Industrial production jumped 0.9% in May after having been unchanged in April.  In the past year industrial production has risen 0.4%.  Thus, the manufacturing sector has been essentially unchanged for the past year.

Breaking industrial production down into its three basic categories — manufacturing, mining, and utilities –the Fed reported that manufacturing production rose 0.9% in May after having declined 0.4% in April.  In the past year manufacturing output has risen 0.1%.

In the motor vehicle sector production rose 0.6% in May after having fallen 1.9% in April.  In the past year motor vehicle production has declined 0.5%.

Excluding the motor vehicle sector, manufacturing output rose 0.9% in April after having fallen 0.3% in April.  In the past year it has risen 0.2%.

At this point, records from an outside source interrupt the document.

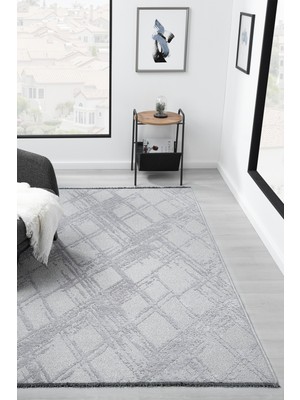 Bukle Gri Kaymaz Taban Makinede Yıkanabilir Kilim Balkon Mutfak Halısı Bk176 200 x 290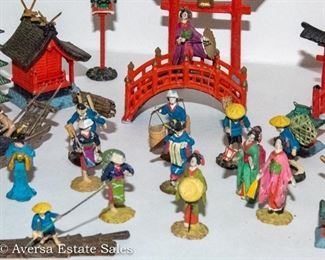 Miniature Cast Lead Asian Village and People
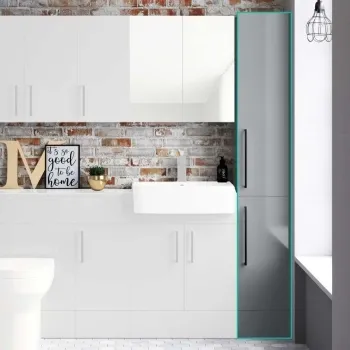 Harper Stone Grey Floor Standing Tall Cabinet 1900x300mm - Black Accents  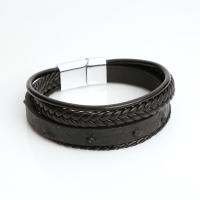 PU Leather Cord Bracelets with Zinc Alloy folk style & for man Length 21 cm Sold By PC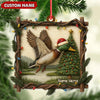 Joycorners Personalized Flying Duck Christmas Ornament, Custom Name Hunting Gift for Outdoor Lovers MT1111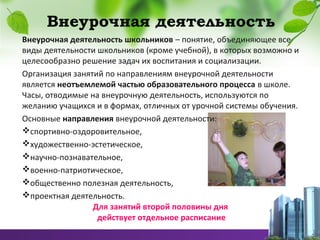 Внеурочная деятельность
Внеурочная деятельность школьников – понятие, объединяющее все 
виды деятельности школьников (кроме учебной), в которых возможно и 
целесообразно решение задач их воспитания и социализации.
Организация занятий по направлениям внеурочной деятельности 
является неотъемлемой частью образовательного процесса в школе. 
Часы, отводимые на внеурочную деятельность, используются по 
желанию учащихся и в формах, отличных от урочной системы обучения. 
Основные направления внеурочной деятельности: 
спортивно-оздоровительное, 
художественно-эстетическое,
научно-познавательное, 
военно-патриотическое, 
общественно полезная деятельность, 
проектная деятельность.
Для занятий второй половины дня
действует отдельное расписание
 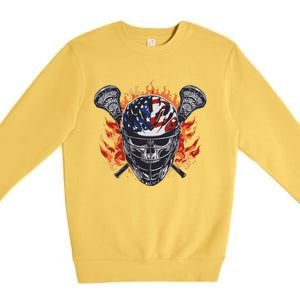 Lacrosse Skull Flames Premium Crewneck Sweatshirt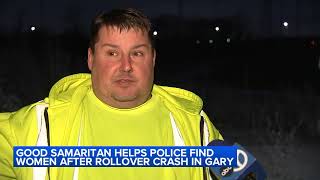 Good Samaritan helps police find injured woman in the dark after rollover car crash in NW Indiana [upl. by Hudis]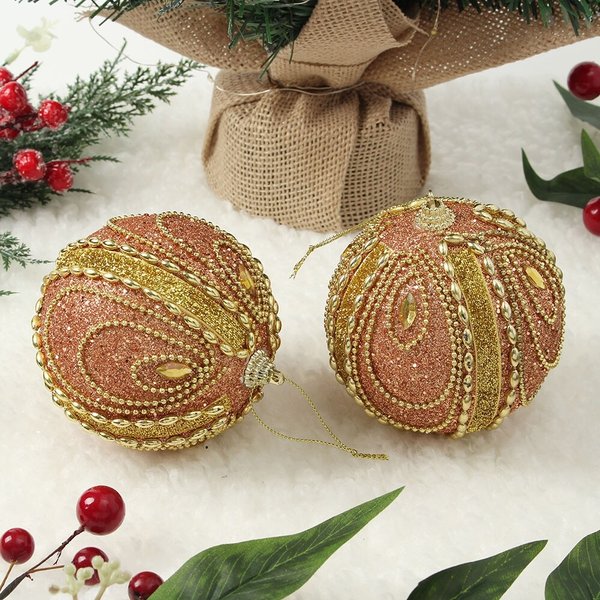 로즈골드 글리터 장식볼 2p세트(10cm) (보석드레스)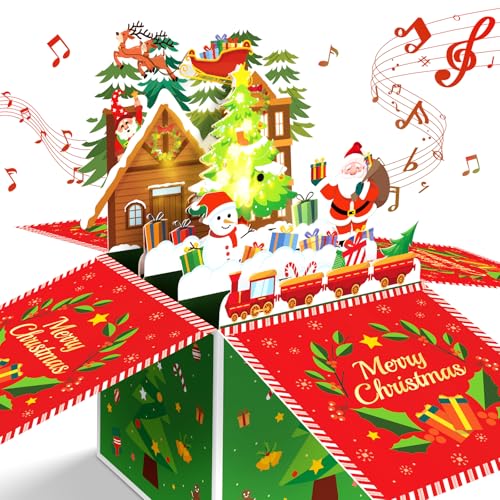Christmas Cards MUSIC & LIGHTS Pop-up 3D Merry Christmas Card Christmas Gifts for Women Men Kids Mom Dad Blowable Candle Christmas Greeting Card with Envelopes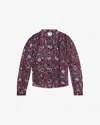 Isabel Marant Étoile Lightweight Long Sleeve Printed Top In Multi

High tech production rose 0.2% in May after gaining 0.9% in April.   After a rapid increase throughout 2023 high tech production has slowed considerably since the end of last year.  High tech production has risen 8.2% in the past year but has risen at a 4.4% pace in the first five months of this year.  We would suggest that if firms are unable to find an adequate supply of workers, and when they can find them the workers demand significantly higher wages, they will turn to technology in an effort to boost production and satisfy the demand for their products.  Thus, we expect high tech production to continue to climb in the months ahead.

Mining (14%) output  rose 0.3% in May after declining 0.7% in April.   Mining has fallen 0.4% in the past year.

Utilities output rose 1.6% in May after having jumped 4.1% in April as surprisingly hot weather has gripped much of the country.     Over the past year utility output has risen 3.9%.  This component is extremely volatile from month-to-month as the weather fluctuates.

Capacity utilization in the manufacturing sector rose 0.5% in May to 77.1% after having declined 0.4% in April.   It is currently at the 77.4% level that is generally regarded as effective full capacity utilization.

GDP appears to be on track to grow at a 2.8% pace in the second quarter as firms keep hiring at a relatively rapid pace, the unemployment rate has risen only slightly to 4.0%..  However, we expect GDP to slip to 2.0% in the second half of the year as consumer spending finally begins to slow and as the housing sector continues to struggle.